China has said it will levy new tariffs on more than 5,200 United States products, if the White House moves forward with its latest tariff threat.

The U.S. hit back with tariffs on 1,300 Chinese goods worth $50 billion.

The trade war between the world's two biggest economies is taking on a life of its own.

Hopes had been rising that Trump might drop his trade-war campaign after the president announced a deal last week with European Commission President Jean-Claude Juncker that would see the U.S. and EU cut tariffs and other barriers.

Speaking to Bloomberg TV yesterday, National Economic Council Director Larry Kudlow said: "We've said many times: no tariffs, no tariff barriers, no subsidies".

The Bank of England said on Thursday protectionist trade policies were beginning to have an adverse impact, most notably on indicators of global goods trade.

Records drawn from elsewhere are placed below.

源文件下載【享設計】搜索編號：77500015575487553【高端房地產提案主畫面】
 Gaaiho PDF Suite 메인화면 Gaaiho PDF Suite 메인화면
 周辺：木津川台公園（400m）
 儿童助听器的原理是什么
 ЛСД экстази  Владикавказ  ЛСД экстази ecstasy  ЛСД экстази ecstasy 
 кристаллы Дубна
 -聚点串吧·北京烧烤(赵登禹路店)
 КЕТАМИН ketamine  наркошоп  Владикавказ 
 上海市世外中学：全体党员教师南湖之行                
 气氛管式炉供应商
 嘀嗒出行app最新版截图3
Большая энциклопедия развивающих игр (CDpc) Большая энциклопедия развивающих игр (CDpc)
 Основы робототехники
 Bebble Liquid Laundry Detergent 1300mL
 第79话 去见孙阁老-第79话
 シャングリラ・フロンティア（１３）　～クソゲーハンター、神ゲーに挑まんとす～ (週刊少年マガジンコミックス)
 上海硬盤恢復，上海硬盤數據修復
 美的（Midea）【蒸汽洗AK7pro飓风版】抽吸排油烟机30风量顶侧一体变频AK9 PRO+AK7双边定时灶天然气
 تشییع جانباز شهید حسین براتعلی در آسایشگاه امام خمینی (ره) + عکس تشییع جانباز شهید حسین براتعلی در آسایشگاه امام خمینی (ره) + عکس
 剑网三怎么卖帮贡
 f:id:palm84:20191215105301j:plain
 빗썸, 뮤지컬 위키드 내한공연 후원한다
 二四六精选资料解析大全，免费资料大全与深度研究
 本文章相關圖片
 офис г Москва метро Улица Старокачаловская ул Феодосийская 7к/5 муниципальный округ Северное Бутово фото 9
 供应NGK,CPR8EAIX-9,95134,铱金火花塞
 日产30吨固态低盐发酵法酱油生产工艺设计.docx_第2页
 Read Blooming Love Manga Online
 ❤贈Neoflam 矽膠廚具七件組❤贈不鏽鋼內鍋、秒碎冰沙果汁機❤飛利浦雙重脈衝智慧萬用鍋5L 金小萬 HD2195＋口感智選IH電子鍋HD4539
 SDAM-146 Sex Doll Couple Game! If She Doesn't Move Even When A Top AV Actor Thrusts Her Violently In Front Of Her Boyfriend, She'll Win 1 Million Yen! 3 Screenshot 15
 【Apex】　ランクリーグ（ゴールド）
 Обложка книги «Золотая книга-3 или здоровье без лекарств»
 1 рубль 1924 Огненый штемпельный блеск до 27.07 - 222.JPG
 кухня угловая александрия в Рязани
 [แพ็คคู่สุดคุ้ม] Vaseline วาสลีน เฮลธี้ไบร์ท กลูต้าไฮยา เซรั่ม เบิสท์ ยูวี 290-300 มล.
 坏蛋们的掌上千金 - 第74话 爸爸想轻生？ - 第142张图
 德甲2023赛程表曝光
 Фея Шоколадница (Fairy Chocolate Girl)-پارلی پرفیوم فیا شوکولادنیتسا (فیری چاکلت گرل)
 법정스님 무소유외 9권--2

While Trump has taken credit for new steel jobs created with the help of tariffs, retaliatory measures by Beijing and others have rattled USA soybean farmers and the many companies reliant on increasingly expensive steel as a raw material.

Beijing said the timing of the new tariffs would depend on whether the United States follows through on its threat.

"The in a better position to ride through the tariff concerns because of a strong economy", said Sung Won Sohn, chief economist at SS Economics in Los Angeles.